Machine Learning Matching Agent

During clerical review for a match and merge solution, a data steward could face thousands of records that must be either merged or rejected. The machine learning matching agent (MLMA) eases the workload by providing recommendations for merging or rejecting based on the data steward's decisions.

The machine learning engine is part of Stibo Systems' ASPiRE cloud environment. The MLMA analyzes and learns from the data steward's decisions within the clerical review task list. After the data steward meets the threshold of decisions, the matching agent provides merge and reject recommendations within the clerical review task list, which the data steward can either heed or disregard.

Solution Overview

The matching event processor updates new tasks and changed tasks with a new merge / reject recommendation. This happens when an enabled matching agent exists that has successfully completed the training process.
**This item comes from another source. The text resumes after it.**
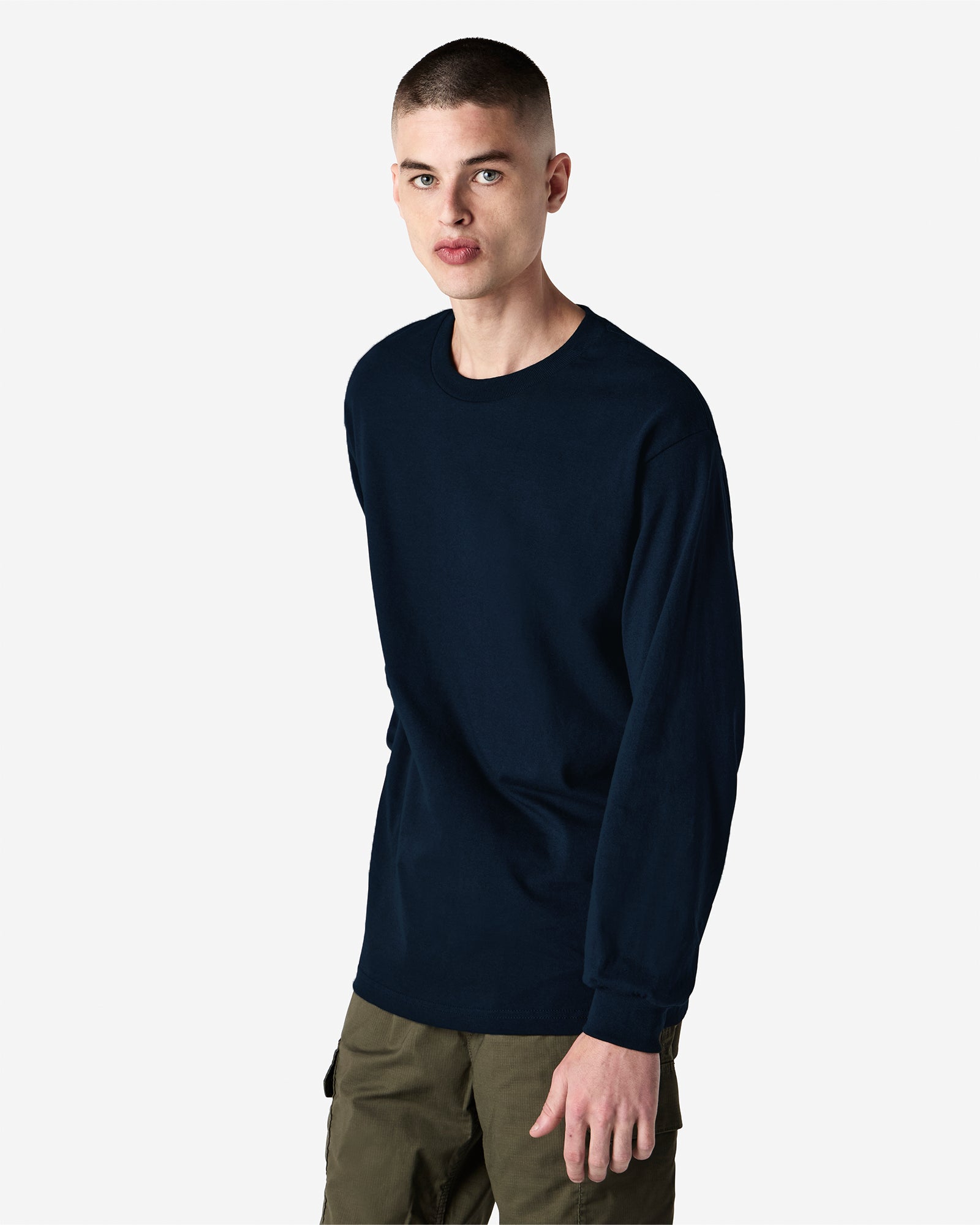 front view of a male Model wearing a True Navy colored Heavyweight Unisex Long Sleeve Crew Neck Tee, paired with blue jeans, standing against a plain background (front pose) -true navy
The MLMA functionality is in the ramp-up phase and is only accessible through an early adopter program. As part of this program, Stibo Systems will provide a client ID and passphrase, which are needed to configure the authentication REST gateway. To learn more about the ramp-up phase / status, see the License and Component Lifecycle topic in the System Release and Patch Notes section of online help here. To participate in the early adopter program, send an email request to SYSClericalReviewMatchingAgent@StiboSystems.com.

The following topics outline the setup and function of the MLMA:

  1. Configuring MLMA (here)

  2. Maintaining the MLMA Data Model (here)

  3. Matching Agents (here)

  4. Adding MLMA Recommendations to a Clerical Review Task (here)

ASPiRE License

ASPiRE uses the Dedupe library with an MIT license.